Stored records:
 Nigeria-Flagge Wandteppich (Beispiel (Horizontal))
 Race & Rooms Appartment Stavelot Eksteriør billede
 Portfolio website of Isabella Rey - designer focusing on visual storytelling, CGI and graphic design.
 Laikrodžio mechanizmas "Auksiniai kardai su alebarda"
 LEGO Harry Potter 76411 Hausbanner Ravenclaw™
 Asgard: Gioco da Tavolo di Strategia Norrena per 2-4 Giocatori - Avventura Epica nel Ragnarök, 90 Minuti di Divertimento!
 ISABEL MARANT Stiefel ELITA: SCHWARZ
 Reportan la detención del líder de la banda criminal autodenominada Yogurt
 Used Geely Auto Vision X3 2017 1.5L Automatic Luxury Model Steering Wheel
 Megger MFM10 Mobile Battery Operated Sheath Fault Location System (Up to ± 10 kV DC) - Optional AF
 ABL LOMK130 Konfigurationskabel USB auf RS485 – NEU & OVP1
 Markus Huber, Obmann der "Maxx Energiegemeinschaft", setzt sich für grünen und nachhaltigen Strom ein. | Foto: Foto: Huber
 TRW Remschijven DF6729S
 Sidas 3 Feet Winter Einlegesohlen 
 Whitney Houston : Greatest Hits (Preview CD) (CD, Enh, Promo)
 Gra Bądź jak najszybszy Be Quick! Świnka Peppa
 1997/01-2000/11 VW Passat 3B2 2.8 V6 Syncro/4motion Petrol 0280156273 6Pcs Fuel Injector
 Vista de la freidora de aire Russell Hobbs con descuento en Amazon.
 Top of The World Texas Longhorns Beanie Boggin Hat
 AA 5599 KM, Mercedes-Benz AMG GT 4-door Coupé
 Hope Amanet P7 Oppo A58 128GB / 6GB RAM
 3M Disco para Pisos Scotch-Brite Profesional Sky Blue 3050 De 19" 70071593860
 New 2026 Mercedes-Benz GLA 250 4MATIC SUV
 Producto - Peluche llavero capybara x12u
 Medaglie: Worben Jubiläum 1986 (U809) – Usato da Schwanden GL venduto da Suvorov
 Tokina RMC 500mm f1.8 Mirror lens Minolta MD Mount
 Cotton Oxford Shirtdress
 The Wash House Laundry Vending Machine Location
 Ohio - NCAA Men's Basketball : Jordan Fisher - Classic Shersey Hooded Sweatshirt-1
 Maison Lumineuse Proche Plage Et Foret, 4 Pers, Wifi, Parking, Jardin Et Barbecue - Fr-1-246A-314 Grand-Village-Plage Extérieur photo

# Problem to solve:
Copy here each line of the preceding records with "Benz" in it.

# Solution for this task:
 AA 5599 KM, Mercedes-Benz AMG GT 4-door Coupé
 New 2026 Mercedes-Benz GLA 250 4MATIC SUV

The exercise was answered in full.